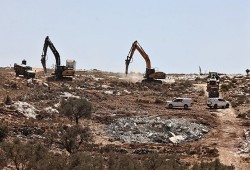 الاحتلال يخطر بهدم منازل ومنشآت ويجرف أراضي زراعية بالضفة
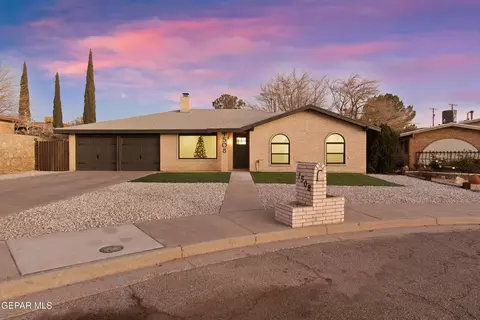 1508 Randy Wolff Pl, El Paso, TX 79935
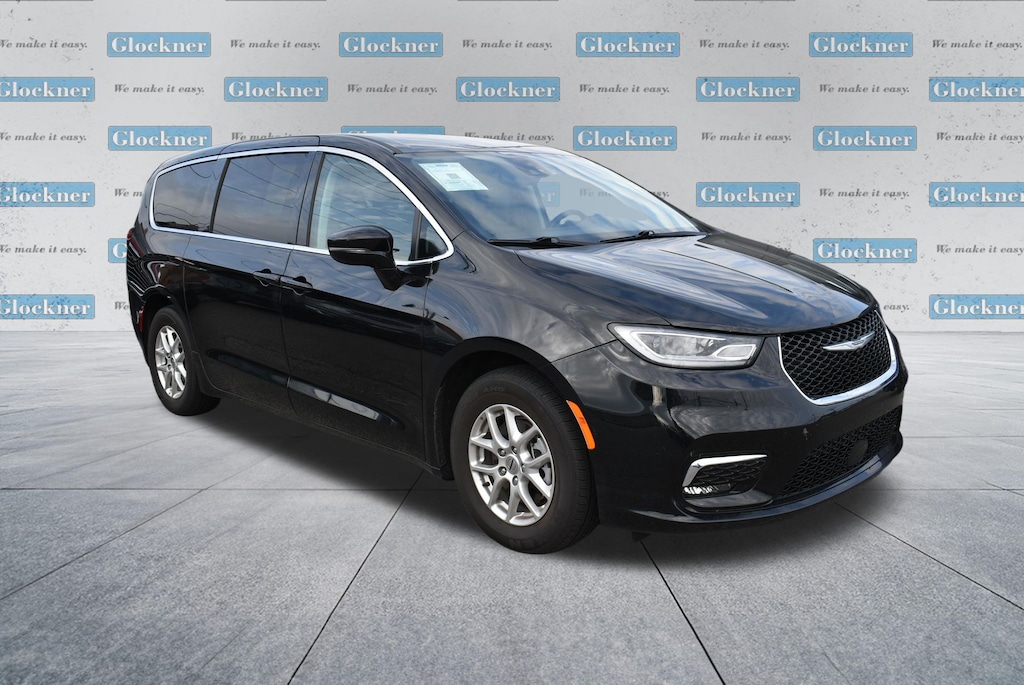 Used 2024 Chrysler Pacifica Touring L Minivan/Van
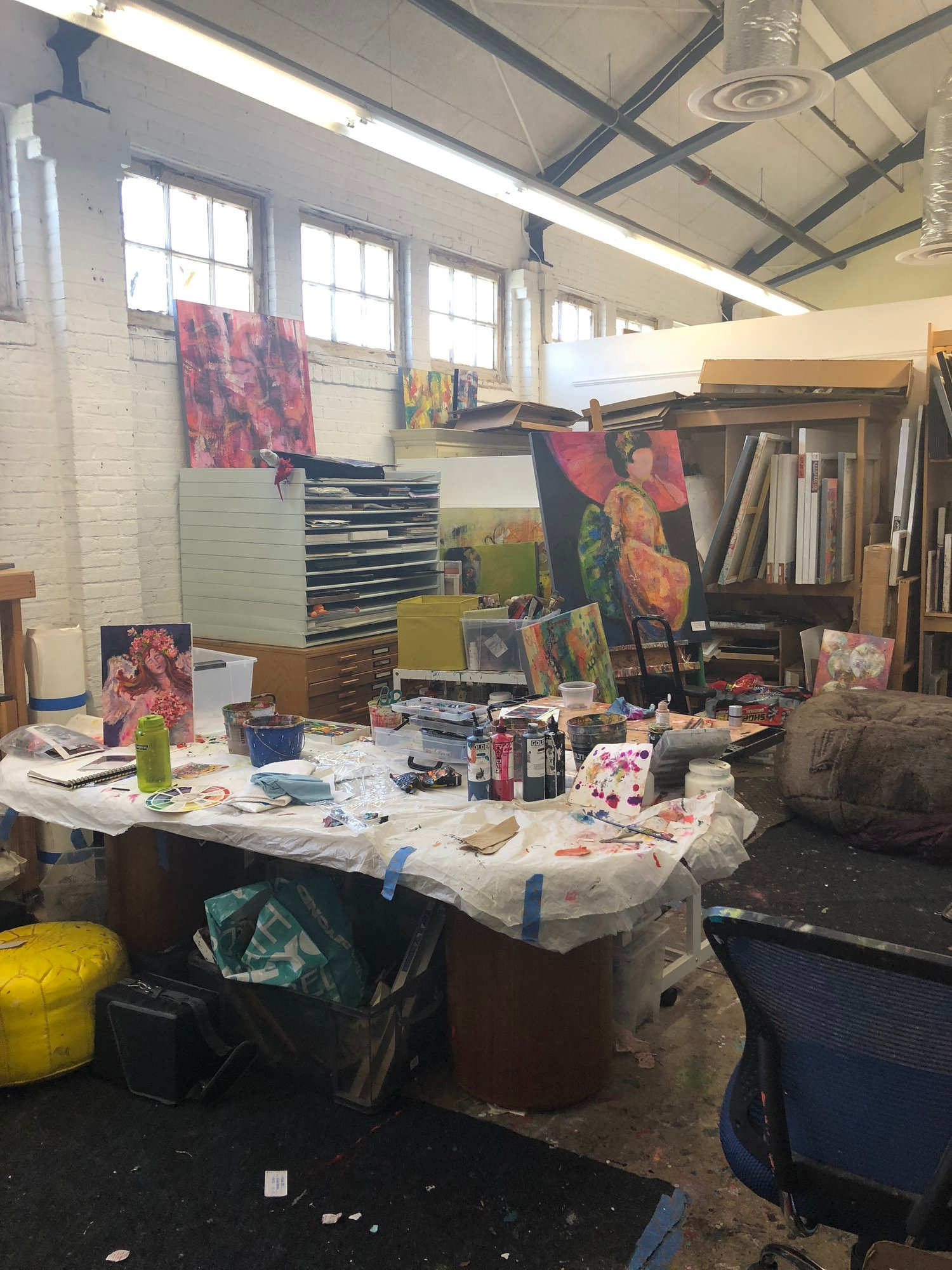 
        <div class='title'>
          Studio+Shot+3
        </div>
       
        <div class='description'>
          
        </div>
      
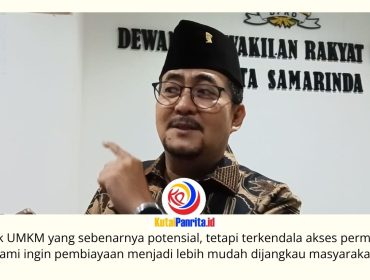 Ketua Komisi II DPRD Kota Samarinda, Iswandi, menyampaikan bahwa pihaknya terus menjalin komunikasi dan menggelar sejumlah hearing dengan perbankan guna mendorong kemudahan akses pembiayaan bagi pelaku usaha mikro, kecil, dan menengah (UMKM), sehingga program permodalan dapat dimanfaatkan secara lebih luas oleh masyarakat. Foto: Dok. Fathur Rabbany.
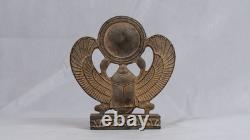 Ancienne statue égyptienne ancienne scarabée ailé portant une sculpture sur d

☆ ☆ ☆ ☆

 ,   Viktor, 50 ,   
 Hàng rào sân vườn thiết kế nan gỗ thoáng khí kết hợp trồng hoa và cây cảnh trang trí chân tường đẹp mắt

☆ ☆ ☆ ☆

_The task:_
Which lines above contain the word "class"? Copy each one.

_Answer section:_
        <div class='title'>
        <div class='description'>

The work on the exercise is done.